With the exception of Rachel and Nadia, all my visitors have been Latin. And workers. And many, immigrants. That’s part of what I have loved about this day. Who walks in. Participating in the popular faith of the people. When I was a kid, this was foreign, strange, not what we did. Me and two or three other kids would sit alone in the classroom  while all the other kids went away and came back with eerie  marks on their foreheads. It seemed a bit scary. And I felt like an outsider. The one thing my anti-papist tradition taught us was to be not Catholic. What we knew about  Jews was that they were not Catholic. My mom and sister are stills somewhat aghast that we do this. 
There’s no real theological reason not to do ashes. It’s culture, tradition. Our most recent prayer book has a service “for the imposition of ashes.” In this neighborhood, the lines between what’s Catholic and what’s latino are often blurred. And my colleague Katherine from her Anglican background  brought her own liturgical love of  ashes.  She helped create the service we used for so many years, serving  beside me, noon and late afternoon, then racing to get to the community service at West End. I like being connected to this. To see who comes in. I remember the year a bus driver pulled up to the bus stop, came running in, got his ashes and jumped back on his bus. 
I extinguish the candles. Bring the votives back inside. Lock up the doors. I’ll be back later. 
Typing this, the smell of burned palm ash and olive oil lingers on my fingers. 
                                                * * * *
The sun is going down as I open the doors again. It’s the time of day when the sun comes through the rose window from the west. I put the votives on the steps again. Light the narthex candles. And the Christ candle. And wait. 

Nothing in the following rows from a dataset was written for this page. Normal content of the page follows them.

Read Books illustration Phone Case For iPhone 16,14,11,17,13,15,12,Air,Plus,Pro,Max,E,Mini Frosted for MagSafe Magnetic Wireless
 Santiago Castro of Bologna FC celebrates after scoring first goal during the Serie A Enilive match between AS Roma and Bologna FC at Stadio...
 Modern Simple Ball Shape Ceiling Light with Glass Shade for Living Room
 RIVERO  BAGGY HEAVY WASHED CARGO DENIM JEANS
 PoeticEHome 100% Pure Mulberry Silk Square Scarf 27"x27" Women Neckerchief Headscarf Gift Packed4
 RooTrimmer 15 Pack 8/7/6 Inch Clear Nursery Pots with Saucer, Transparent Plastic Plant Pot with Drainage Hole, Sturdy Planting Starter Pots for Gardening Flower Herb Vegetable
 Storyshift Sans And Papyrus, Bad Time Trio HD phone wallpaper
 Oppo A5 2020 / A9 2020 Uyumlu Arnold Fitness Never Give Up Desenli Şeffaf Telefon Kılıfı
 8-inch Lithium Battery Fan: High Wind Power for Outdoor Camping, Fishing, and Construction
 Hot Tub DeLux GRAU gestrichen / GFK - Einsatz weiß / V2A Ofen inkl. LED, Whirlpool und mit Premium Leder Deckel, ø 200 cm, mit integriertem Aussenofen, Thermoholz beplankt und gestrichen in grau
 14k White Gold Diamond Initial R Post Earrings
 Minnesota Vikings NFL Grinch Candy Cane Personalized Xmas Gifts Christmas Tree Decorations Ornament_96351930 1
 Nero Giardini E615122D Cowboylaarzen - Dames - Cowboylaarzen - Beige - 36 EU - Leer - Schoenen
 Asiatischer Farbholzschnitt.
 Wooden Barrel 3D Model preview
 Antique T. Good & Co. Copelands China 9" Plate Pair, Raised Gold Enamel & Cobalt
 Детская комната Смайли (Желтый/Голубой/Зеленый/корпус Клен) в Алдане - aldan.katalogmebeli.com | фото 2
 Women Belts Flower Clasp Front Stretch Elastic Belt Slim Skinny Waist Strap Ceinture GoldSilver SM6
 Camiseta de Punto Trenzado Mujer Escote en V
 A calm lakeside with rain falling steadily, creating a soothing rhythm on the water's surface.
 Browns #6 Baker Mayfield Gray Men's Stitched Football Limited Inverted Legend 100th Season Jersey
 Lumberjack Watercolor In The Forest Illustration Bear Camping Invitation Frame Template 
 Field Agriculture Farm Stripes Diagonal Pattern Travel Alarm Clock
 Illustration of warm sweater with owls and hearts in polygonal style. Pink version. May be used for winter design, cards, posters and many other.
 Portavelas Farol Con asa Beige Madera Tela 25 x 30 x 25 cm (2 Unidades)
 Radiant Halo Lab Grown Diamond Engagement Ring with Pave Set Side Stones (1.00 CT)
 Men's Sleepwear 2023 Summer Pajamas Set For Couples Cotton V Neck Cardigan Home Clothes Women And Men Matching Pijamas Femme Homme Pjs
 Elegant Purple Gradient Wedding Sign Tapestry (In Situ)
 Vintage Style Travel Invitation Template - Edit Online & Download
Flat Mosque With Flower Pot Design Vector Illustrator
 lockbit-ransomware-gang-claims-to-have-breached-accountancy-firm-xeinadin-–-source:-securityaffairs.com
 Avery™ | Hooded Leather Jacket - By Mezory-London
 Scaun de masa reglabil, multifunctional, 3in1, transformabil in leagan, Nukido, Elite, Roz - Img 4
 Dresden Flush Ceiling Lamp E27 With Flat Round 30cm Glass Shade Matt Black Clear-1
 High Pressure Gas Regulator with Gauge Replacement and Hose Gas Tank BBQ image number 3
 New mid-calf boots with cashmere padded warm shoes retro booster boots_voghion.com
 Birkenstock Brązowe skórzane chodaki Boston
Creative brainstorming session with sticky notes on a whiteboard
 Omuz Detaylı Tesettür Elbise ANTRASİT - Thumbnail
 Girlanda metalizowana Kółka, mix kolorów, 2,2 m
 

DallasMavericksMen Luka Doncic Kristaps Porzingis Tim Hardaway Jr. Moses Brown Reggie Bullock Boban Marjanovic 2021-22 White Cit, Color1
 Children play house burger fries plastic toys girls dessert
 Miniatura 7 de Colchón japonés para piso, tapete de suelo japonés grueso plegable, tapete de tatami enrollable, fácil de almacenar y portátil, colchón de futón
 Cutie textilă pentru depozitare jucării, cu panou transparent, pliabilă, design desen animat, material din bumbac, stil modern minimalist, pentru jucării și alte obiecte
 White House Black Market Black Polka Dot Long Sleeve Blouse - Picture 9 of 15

People start stopping in after work. A tall African-American woman named Lacaya says, “It’s not like when I was a girl. The churches were open all day. All day today I’m walking around. The churches closed.” I tell her we were open during the lunch hour. She tells me she saw the open door, the light shining out from  the inside. Knew she wanted to stop before she headed home to the Bronx. To her own Apostolic  Church. Retail workers, domestic workers, working class African-Americans and Latinos on their way home. 
Arcadia comes in, right from work. Startles me in the candlelit quiet. Another Latina woman stops by. They chat in Spanish. Deacon James comes in, greets Arcadia. An Italian woman comes in with her daughter, Sophie. She’d seen the lights, wanted to come inside. Had been here once before.  With her father. 
It’s getting time to lockup for the night. Acadia brings a young woman from the neighborhood and her daughter to the front of the church. “She wants ashes, “ says Arcadia. The come to the table. The daughter asks her mother what to do. “He’ll let you know,” she says.  And so they are the last. I finish. Walk out with Arcadia. Lent has begun.